To cover this, i chose to focus on the ad-hominem argument in eating habits: “if you eat this and that, you surely don’t take the crisis seriously” or “the customers just have to call for the change”. As you can see from the way I phrased it, I do not see much positive in those words. Because it was like that, i wanted to work on it so hard, that these phrases would lose their meaning when the granularity of those questions shines through, and in case of “the customers just have to call for the change”, that the customers would get as much Data to be head to head with their opponent in data at their grasp.

But would you recommend eating Vegan?

This is exactly the question that is used far too often, do discredit a Person based on their eating habits. Looking on it closely, only looking at the CO2 equivalent Impact of Meat and Milk-based Products appart from the moral and health based aspects, the Question gets more and more complex. During winter, a tomato-salad from a heated greenhouse with flown-in avocado might be far worse than a pork-steak. In the Summer the same salad might be better, also, rice on the side might be as problematic as a chicken from the Ecofriendly Farmer. And if the crossaint gets far worse than the currywurst due to the butter used, the problem shows a granularity far exceeding the one seen on first sight, rendering the rule of thumb “Better eat less meat for the environment” unusable. Here it takes numbers.

It takes numbers to set priorities, because we all know what is at stake here. I do not need to explain any of this to anyone anymore. However these tools to face climate change are something, the Industry will likely not be giving away out of good will.

So what should I consider?

If you want to help the environment, a CO2 Price for the items in store might be interesting. Maybe even reliable Seals like the EU-Bio or the Fairtrade seal. The people usually know what to look for, the 50% people claiming to use the Bio seal show that. However they don’t allways have it in their Mind, the Marketshare of 5% for Bio food shows this. Especially when you see eco-friendly People, that trust their favorite Ecofriendly Shop owner, buy their Bananas there and do not notice that these Bananas have no Fairtrade seal compared to the cheaper ones in the supermarket next door.

Openshoppinglist, my tool comes in here as a nightmare for the less than perfect producers and as a guide for every aware consumer. Openshoppinglist makes it possible to answer to “the customers just have to call for the change” with a confident “ok, then I’ll do that now”. All that of course with a piece of open source or “communist”, as Bill Gates put it, software on Gitlab.
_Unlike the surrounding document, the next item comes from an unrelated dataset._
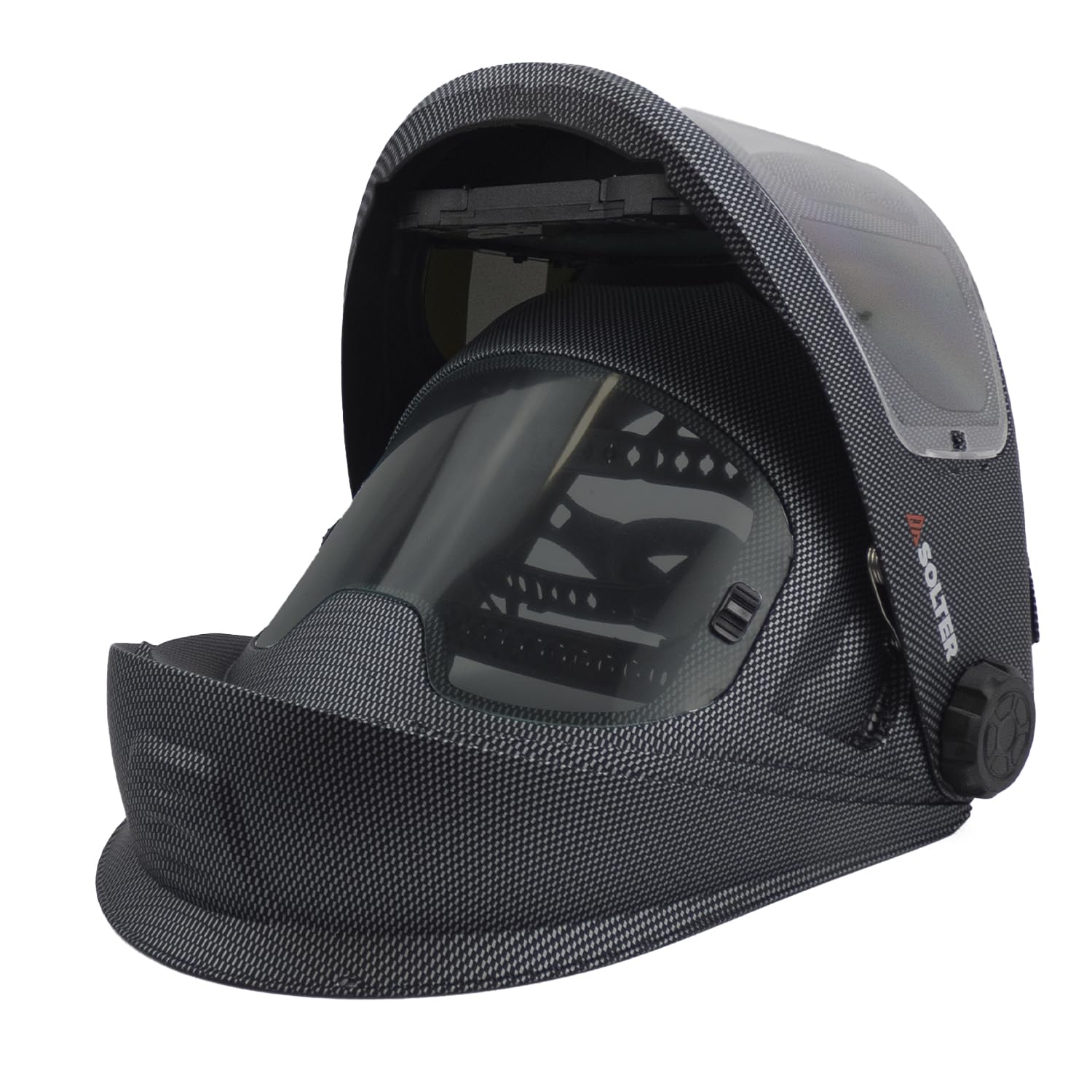 Solter - Pantalla Soldadura HELLMET R-30 Flip-Up Visión Panorámica, True Color, Memory System, Regulación Digital LCD, Auto-DIN, Modo Amolado, 5 Sensores de Luz, Comfort Plus, Accesorios Profesionales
With Openshoppinglist my group of testers could use Data on the offerings of all supermarkets to judge over them from the comfort of their own home. Doing this they can easily avoid all the Traps, Producers and Shops put in their way. With Openshoppinglist they do not get badly tested fake seals, they do not need to bend down in the store to see the good-for-them product that the supermarket wanted to keep a bit out oft their view. Everything is simply sorted based on their evact priorities like Bio-seals, price, vegan or, and this is where Openshoppinglist is special, CO2 price.

CO2 price? where do you find that?

Currently only a small amount of producers show the CO2 Equivalents they produced over the course of their time on their products. Bananeira and Provamel show, that they compensate their entire CO2, OATLY prints the exact values on their boxes and compensates some through PRIMAKLIMA. But all the other producers do not show any values and propably will not do so soon.

The ├ľKO-Institut on the other Hand released a spreadsheet in 2008 for groups of food. 2009 there was the CO2-Rechner from Pendos. The WWF published their numbers 2012, even though, i find their sources sketchy in this case. Then there is for the northamerican area and since the end of my Thesis, finally the IFEU published their numbers.

All those numbers mean nothing however when I’m in the Supermarket trying to figure out how much CO2 wich Salad produced in it’s lifetime and what I need to look for. Here, my new CO2 Rechner comes to play. It groups the contents, giving every piece of food a value, looks up the worst-case-scenario of the composition of the ingredients giving every product their own, worst-case-scenario CO2 value. This way there are no false hopes and the producer is encouraged to be more transparent, since with more transparency their CO2-Value can only get better.

Oh wow, how did it go?

Generally it showed, that the Openshoppinglist in the hands of users made them increase their expectations on the Market sharply. It did not suffice, that the product had the EU-Bio seal, the users looked more closely at seals exceeding these requirements. They also looked more closely at more aspects of their groceries.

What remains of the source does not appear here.